David Levinthal: Hitler Moves East. Vintage Photographs.

March 18 - April 26, 2008

John McWhinnie at Glenn Horowitz Bookseller is very pleased to announce their latest exhibition, David Levinthal: Hitler Moves East. Vintage Photographs. The show will open March 18th with a reception for the artist from 6pm to 8pm, and run through April 26th. The exhibition, drawn from Levinthal’s project of 1977, a joint production with Garry Trudeau of Doonesbury fame, will feature new installation work, vintage photographs, and the original publisher’s book macquette. In the form of installation pieces, photographs, and a publication, Hitler Moves East was initially produced as a college project while the duo were in art school at Yale. For Levinthal, then 28 years old, the work heralded the beginning of a distinctive formal and stylistic approach to photography.

Using toy soldiers, constructed dioramas, and HO models of railroads, bridges and buildings, the pair endeavored to recreate a documentary style account of Hitler’s 6th army’s irresistible push into the USSR over the course of 1941-42, and their eventual rout and surrender to Soviet forces in the winter of 1943. In the publication that emerged, Hitler Moves East; A Graphic Chronicle, 1941-43, photographs, illustrations, and text excerpts are carefully arranged in a sequence that describes the unfolding campaign, from initial triumphant beginnings to war-weary final defeat. The photographs, with sepia tones and grainy resolution, ape the prevailing style of the era’s reportage photography, invoking the celebrated battle field images of Robert Capa, amongst others.
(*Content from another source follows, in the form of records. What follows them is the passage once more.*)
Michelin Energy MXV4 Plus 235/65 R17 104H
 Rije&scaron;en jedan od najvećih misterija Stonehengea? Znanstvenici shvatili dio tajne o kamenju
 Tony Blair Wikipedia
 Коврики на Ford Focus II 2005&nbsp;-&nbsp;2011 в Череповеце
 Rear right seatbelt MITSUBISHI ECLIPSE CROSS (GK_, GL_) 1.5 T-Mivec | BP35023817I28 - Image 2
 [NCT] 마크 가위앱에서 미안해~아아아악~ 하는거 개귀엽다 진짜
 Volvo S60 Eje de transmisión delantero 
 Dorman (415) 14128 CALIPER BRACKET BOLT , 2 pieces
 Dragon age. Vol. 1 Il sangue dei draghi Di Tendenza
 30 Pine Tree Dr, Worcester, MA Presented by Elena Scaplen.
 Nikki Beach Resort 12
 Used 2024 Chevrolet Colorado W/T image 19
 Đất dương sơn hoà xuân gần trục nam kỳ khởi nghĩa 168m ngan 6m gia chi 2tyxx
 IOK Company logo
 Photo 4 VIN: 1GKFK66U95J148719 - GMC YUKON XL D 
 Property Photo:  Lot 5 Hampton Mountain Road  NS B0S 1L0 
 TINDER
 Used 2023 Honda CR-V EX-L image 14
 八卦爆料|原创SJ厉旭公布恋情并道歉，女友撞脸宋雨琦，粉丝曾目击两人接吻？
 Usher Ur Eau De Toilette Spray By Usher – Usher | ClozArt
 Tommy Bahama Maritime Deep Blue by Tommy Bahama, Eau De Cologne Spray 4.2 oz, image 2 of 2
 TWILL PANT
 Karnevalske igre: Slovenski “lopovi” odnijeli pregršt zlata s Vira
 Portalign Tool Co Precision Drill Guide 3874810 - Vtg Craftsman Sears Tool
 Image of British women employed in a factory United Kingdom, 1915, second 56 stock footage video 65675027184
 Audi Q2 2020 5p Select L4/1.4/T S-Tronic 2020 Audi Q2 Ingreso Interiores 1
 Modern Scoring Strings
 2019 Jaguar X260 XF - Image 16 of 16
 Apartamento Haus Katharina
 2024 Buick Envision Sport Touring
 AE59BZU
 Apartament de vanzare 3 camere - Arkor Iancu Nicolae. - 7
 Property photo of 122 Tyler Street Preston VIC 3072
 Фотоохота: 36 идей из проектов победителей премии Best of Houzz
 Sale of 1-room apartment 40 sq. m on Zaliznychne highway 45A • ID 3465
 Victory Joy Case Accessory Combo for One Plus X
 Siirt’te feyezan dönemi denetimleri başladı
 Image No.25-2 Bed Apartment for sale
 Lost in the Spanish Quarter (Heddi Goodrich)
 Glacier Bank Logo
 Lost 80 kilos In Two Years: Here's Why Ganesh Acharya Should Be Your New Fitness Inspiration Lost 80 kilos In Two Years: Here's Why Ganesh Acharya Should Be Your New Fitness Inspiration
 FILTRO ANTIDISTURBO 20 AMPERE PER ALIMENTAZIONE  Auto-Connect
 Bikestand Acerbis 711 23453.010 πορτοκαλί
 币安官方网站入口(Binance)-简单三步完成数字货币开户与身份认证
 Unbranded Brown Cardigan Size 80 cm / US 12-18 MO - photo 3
Against skillfully crafted backdrops Levinthal’s photographs deploy a constricted depth of field and a narrowed focus rendering his images all the more illusionary in their ability to suggest a war torn realism. Within the context of this project these depictions discover a new dimension for photography, one where the camera’s capacity to both accurately record and seductively suggest is pointedly married to our appetite for constructing documentary and composing narrative; in short, for formulating history.

These artfully composed tableaux – artificial in every sense – through the medium of photography, are transformed into something with a very real impact, something flushed with feeling and coursing with a sense of verité. Levinthal has said of his work that “there’s less in my photographs than meets the eye” and it is this canny understanding of the viewer’s basic inability to sift the visual fact from its personal resonance that has emerged as a central theme in his work, informing almost three decades of projects which have regularly generated a storm of controversy.

When Levinthal and Trudeau’s slyly crafted publication first emerged in 1977 the authors were astonished at how quickly people believed the images were actual war photographs. Bookstores routinely placed the book in the history and not photography sections. This sort of myopic response is certainly a valid reaction to the artistry in Levinthal’s photographs, but it is not intrinsically the sort of scrutiny his work courts. He wants the viewer to peer into the photograph and perceive the artificiality at work there, but in so doing to catch something of the truth which is leaking from these creations; vision is not a unilateral process, but a dialogue between viewer and viewed. Truth and artifice are not diametrically opposed, but complexly related and interwoven.

A new publication, Hitler Moves East; Artist’s Cut, has been published by JMc & GHB editions to accompany the show. The forty-four page, paper bound book features reproductions of original photographs produced for the project of 1977, as well as illustrations from research source materials used. Featuring works not included in the original publication, Artist’s Cut represents an artistic reworking by the photographer of the seminal themes which made the original a cultural touchstone. A deluxe edition of this publication will also be made available and will include an original piece of artwork.

David Levinthal was born in San Francisco, CA in 1949. He is the recipient of a John Simon Guggenheim Memorial Foundation Fellowship (1995), a National Endowment for the Arts Visual Artists Fellowship (1990-91), Polaroid Corporation Artist Support Grants (1987-89), and the Prix du Livre de Photographie, Le Prix du Livre-Images, les Rencontres, Arles, France (1997). His major projects include Hitler Moves East (1977), Modern Romance (1986), The Wild West (1989), American Beauties (1990), Desire (1991), Mein Kampf (1994), Blackface (1996), Barbie Millicent Roberts (1999), XXX (1999), Netsuke (2002), and Baseball (2003). His work has been widely exhibited nationally and internationally, in group and solo shows, and has been collected by numerous institutions. He lives and works in New York City.